(Aim of the exercise) From start to end, write out the following data exactly, apart from its images.

Data extracted from a collection
>>>

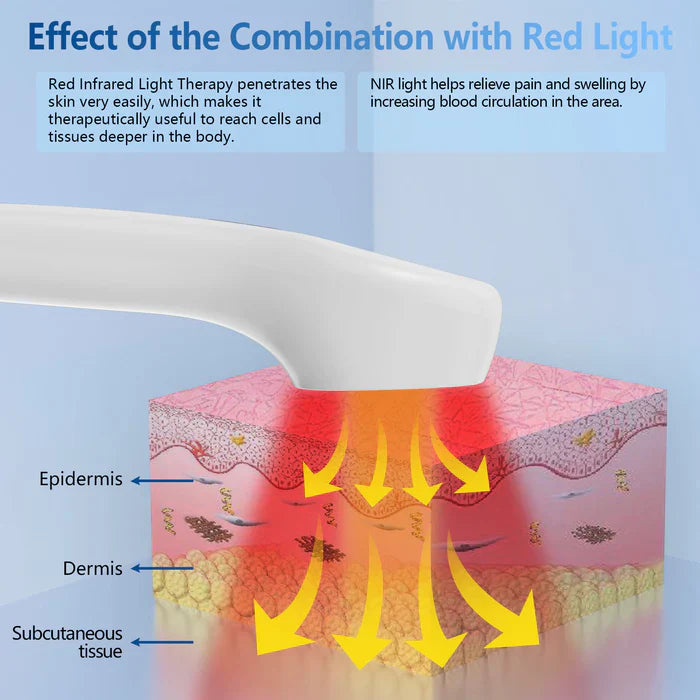 KTS® Handheld Laser Pain Treatment Device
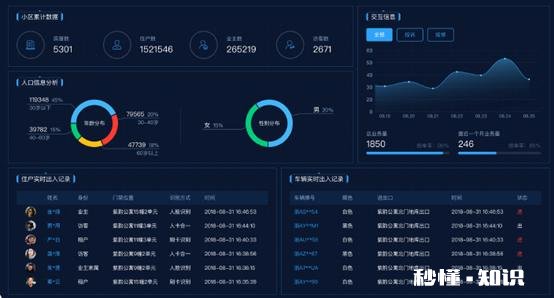 智慧社区应该包含哪些内容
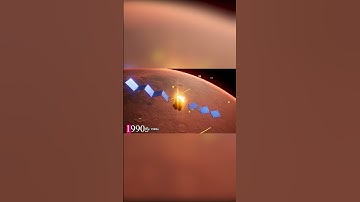 The Future of Space Exploration: AI Technology at NASA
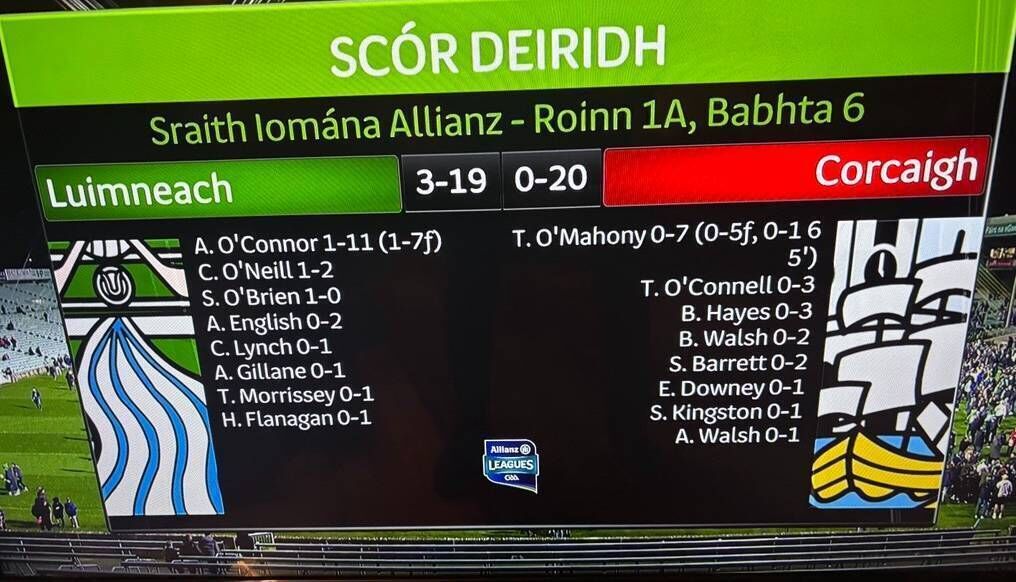 The scoring breakdown from TG4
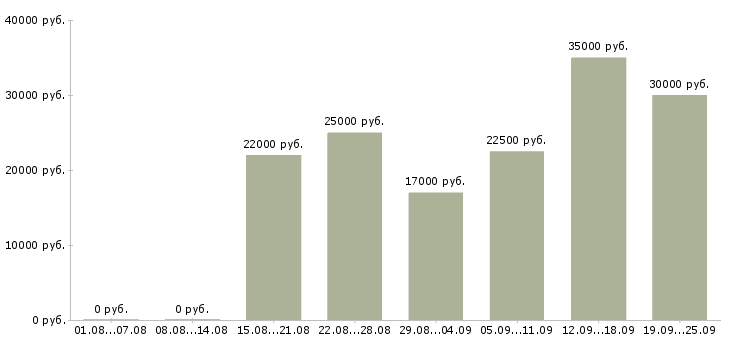 Вакансии зарабатывать на дому в Воронеже - Медиана зарплат зарабатывать на дому в Воронеже за 2 месяца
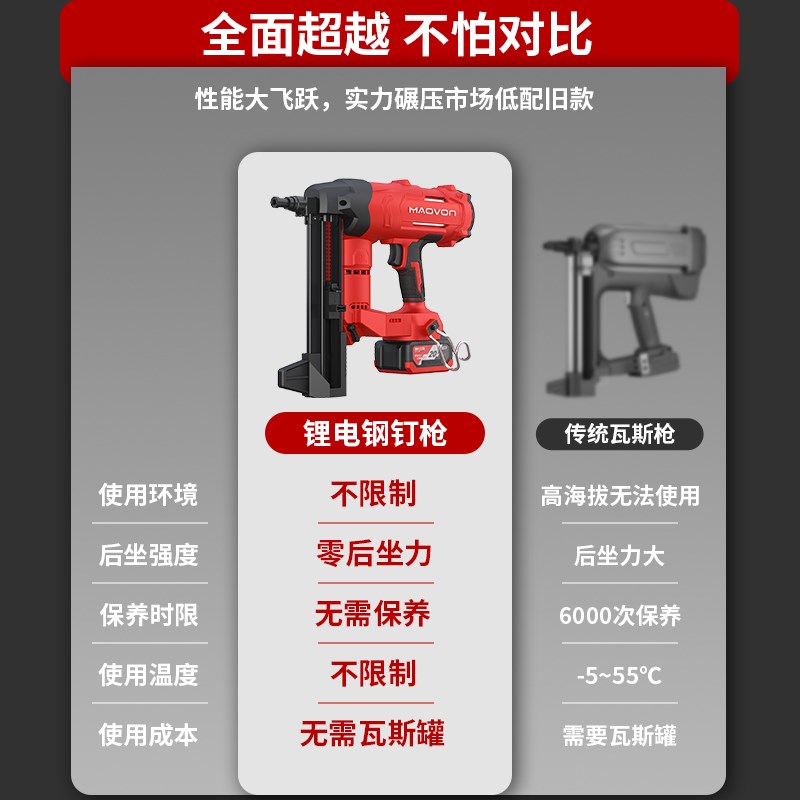 热销妙有锂电钢钉枪电动无需瓦斯打钉抢塑排水电门窗多功能充电射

<<<

(Written response)
 KTS® Handheld Laser Pain Treatment Device
 智慧社区应该包含哪些内容
 The Future of Space Exploration: AI Technology at NASA
 The scoring breakdown from TG4
 Вакансии зарабатывать на дому в Воронеже - Медиана зарплат зарабатывать на дому в Воронеже за 2 месяца
 热销妙有锂电钢钉枪电动无需瓦斯打钉抢塑排水电门窗多功能充电射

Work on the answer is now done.